== Available data ==
::::::::::
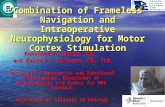 Combination of Frameless Navigation and Intraoperative Neurophysiology for Motor Cortex Stimulation Konstantin Slavin, MD, and Keith R. Thulborn, MD, PhD.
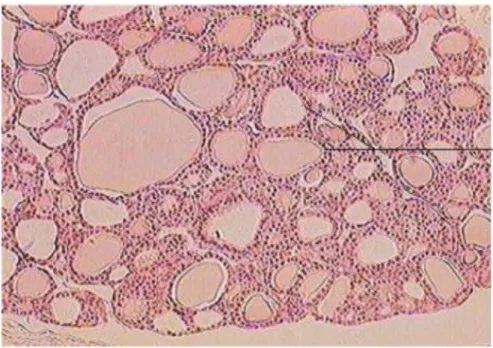 Figure 8: Histologie de la glande thyroïde 
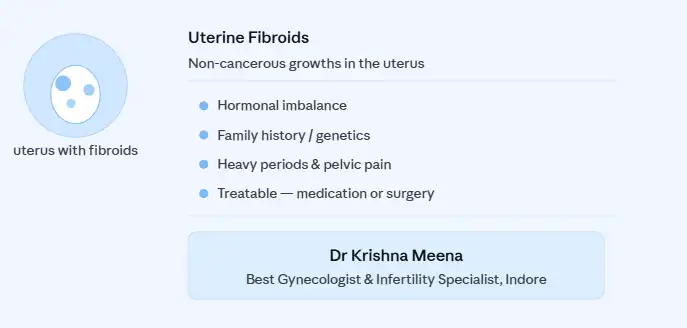 Uterine Fibroids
::::::::::
Give back the material above exactly, without pictures.

 Combination of Frameless Navigation and Intraoperative Neurophysiology for Motor Cortex Stimulation Konstantin Slavin, MD, and Keith R. Thulborn, MD, PhD.
 Figure 8: Histologie de la glande thyroïde 
 Uterine Fibroids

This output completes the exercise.